2. Motivación basada en el comportamiento.
Un ejemplo banal: un niño está acostumbrado desde hace tiempo a tomar un chocolate cada vez que va a ver a una señora, pero la mamá le dice que evite este comportamiento por educación. El niño entra y no va directamente, como suele hacerlo, al tazón donde están los chocolates. La señora lo observa, espera y, después de un rato, le dice: «¿Cómo puedes privarte de esos chocolates tan ricos? ¡Vamos, toma uno!». La motivación para actuar está relacionada con un comportamiento precedente, repetido en el tiempo, por demanda.

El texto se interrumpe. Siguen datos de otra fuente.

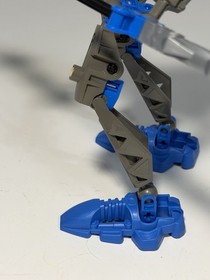 2003 vintage LEGO 8590 Bionicle GUURAHK set COMPLETE retired RAHKSHI figure toy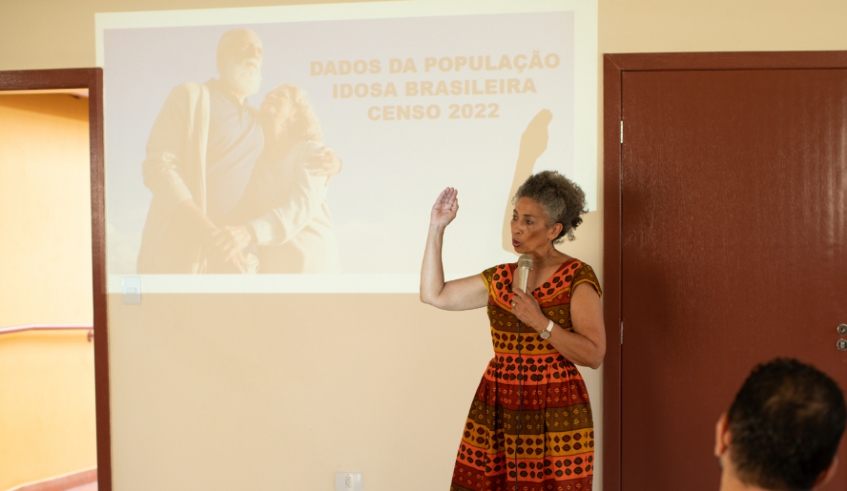 Formação em gerontologia já está em seu segundo encontro, terá o último em 20 de dezembro e busca otimizar o atendimento à pessoa idosa (Warley Kenji/ PMMC)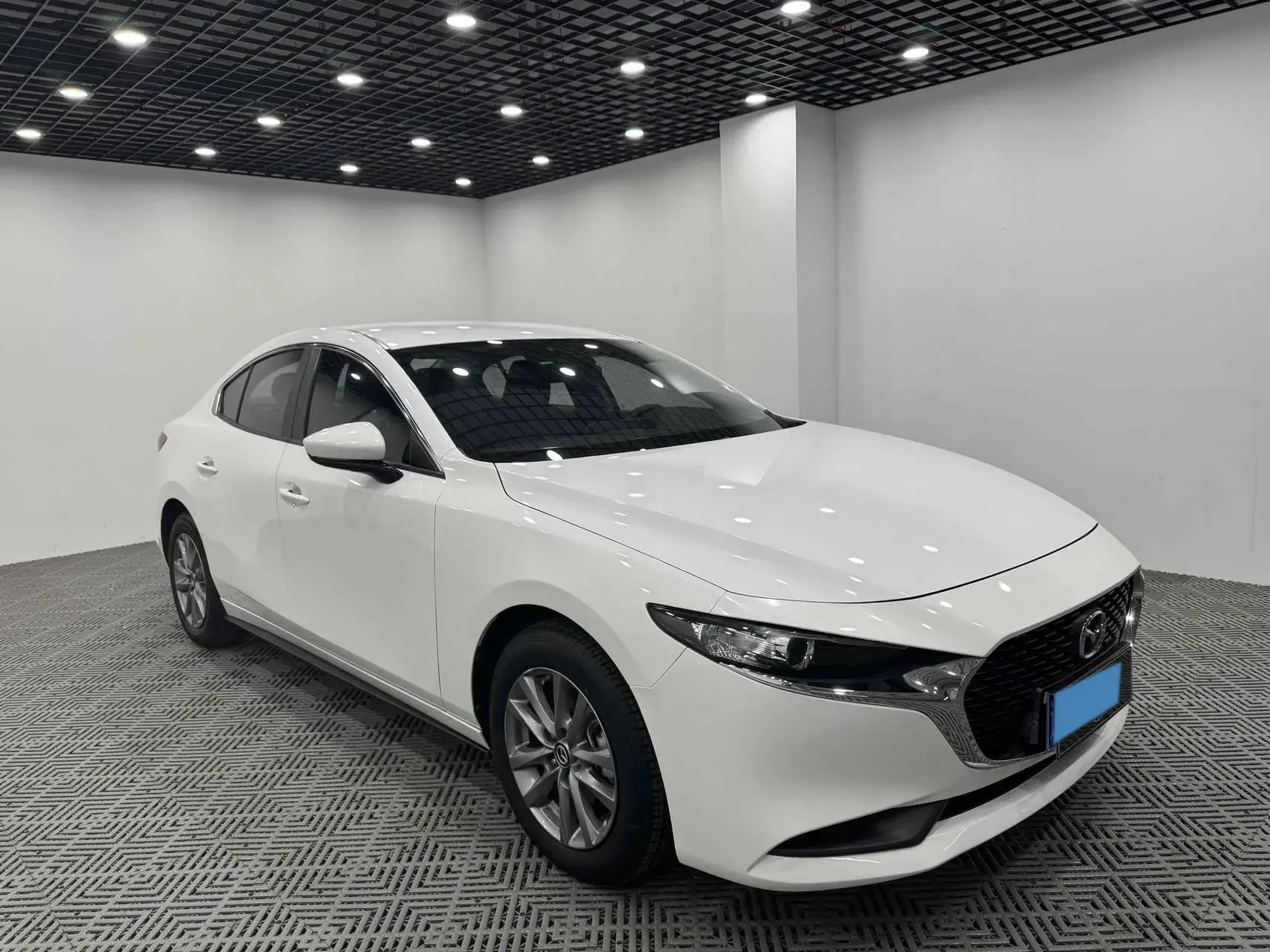 2021 MAZDA 3 thumbnail 2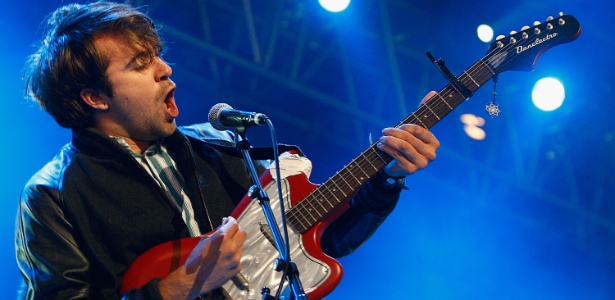 O guitarrista Justin Young durante show da banda The Vaccines no Isle of Wight Festival, no Seaclose Park, na Inglaterra (11/06/2011) - Getty Images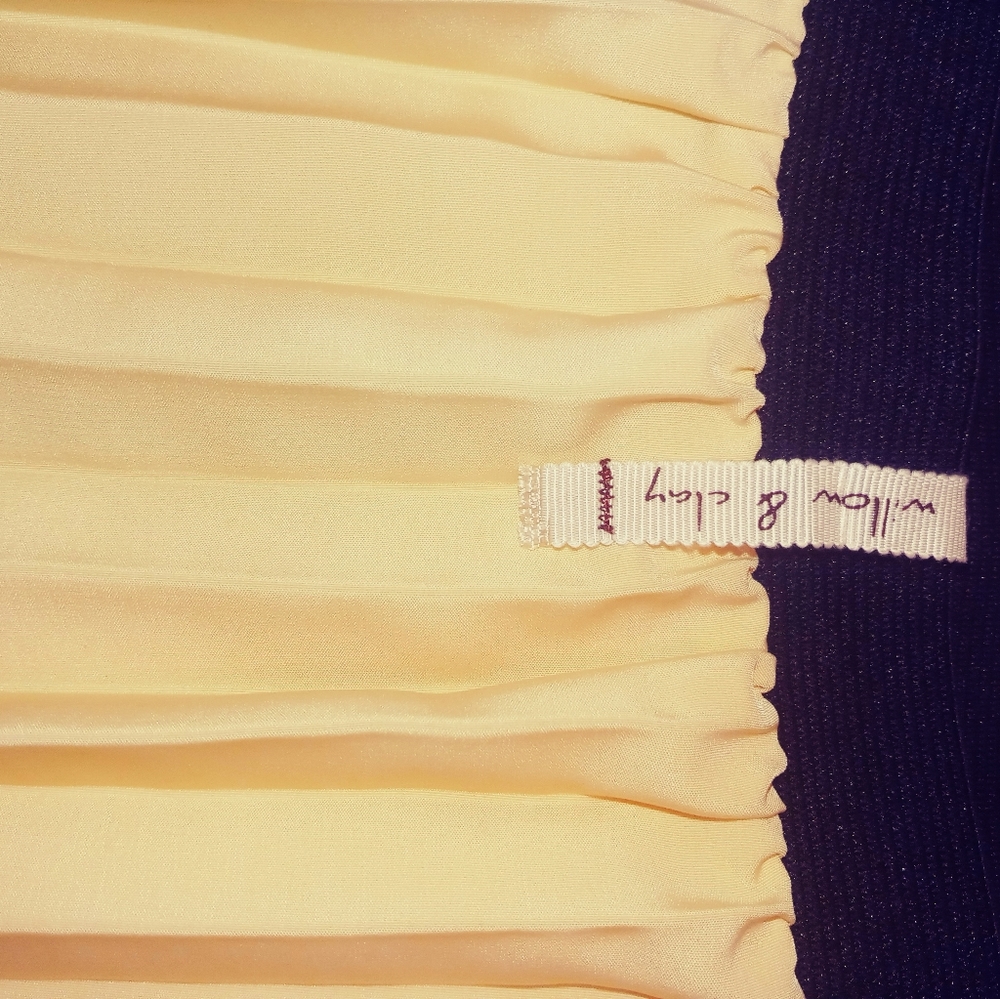 Willow & Clay Yellow W/ Black trim waist Pleated Skirt Size Small - Picture 2 of 4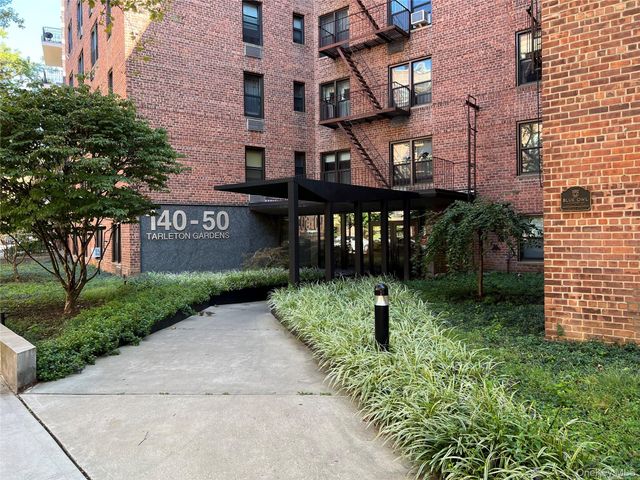 14050 Burden Crescent 2E, Briarwood, NY 11435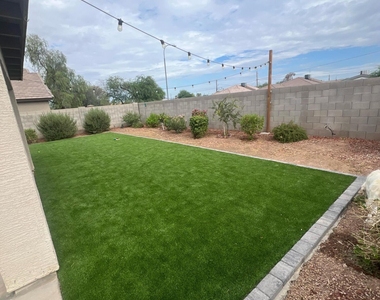11206 W Chase Drive - Photo Thumbnail 10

3. Motivación basada en las consecuencias.
Un ejemplo banal relacionado nuevamente con la comida: la motivación es inherente a un hecho (o a una serie de hechos) que generalmente no está relacionado con la necesidad; un niño necio hizo un pacto con su mamá: organizar su habitación para así ser considerado educado y querido. Sin embargo, el niño no siempre respeta dicho pacto. Una mañana, la mamá le dice: «¿Quieres desayunar? Entonces tiende primero la cama y luego te doy el desayuno».
4. Motivación basada en estímulos discriminatorios.
Diferentes estímulos pueden crear la misma motivación e incluso reforzarla. Aquí se juega con gran parte de la motivación interna, la cual no es banal como en los casos anteriores. Diferentes estímulos pueden llevar a distinguir, de manera consciente o no, los diversos componentes involucrados. Tales estímulos pueden ser establecidos por parte del actuante de manera consciente o no (en nuestro caso por parte del alumno) o por parte del profesor. Por ejemplo, Holland e Skinner (1961) estudiaron el comportamiento animal, con base en el cual el animal escoge entre varios estímulos aquel que reconoce como un refuerzo (el famoso experimento de la elección del color rojo). De tal manera, la motivación de tipo 4 no es solo deliberada (por parte del sujeto) sino que puede ser inducida.
De todas formas, este apresurado análisis por sí mismo no permite estudiar, en mi opinión, el fenómeno académico que nos interesa: en Gagné (1973, pp. 330 e ss.) se entra más en lo específico. En esto me inspiraré para la siguiente sección.
Entre tanto, acepto inmediatamente la afirmación de Gagné según la cual el problema de monitorear, conocer, reforzar, desarrollar y utilizar la motivación es «la exigencia más seria que la escuela puede encontrar».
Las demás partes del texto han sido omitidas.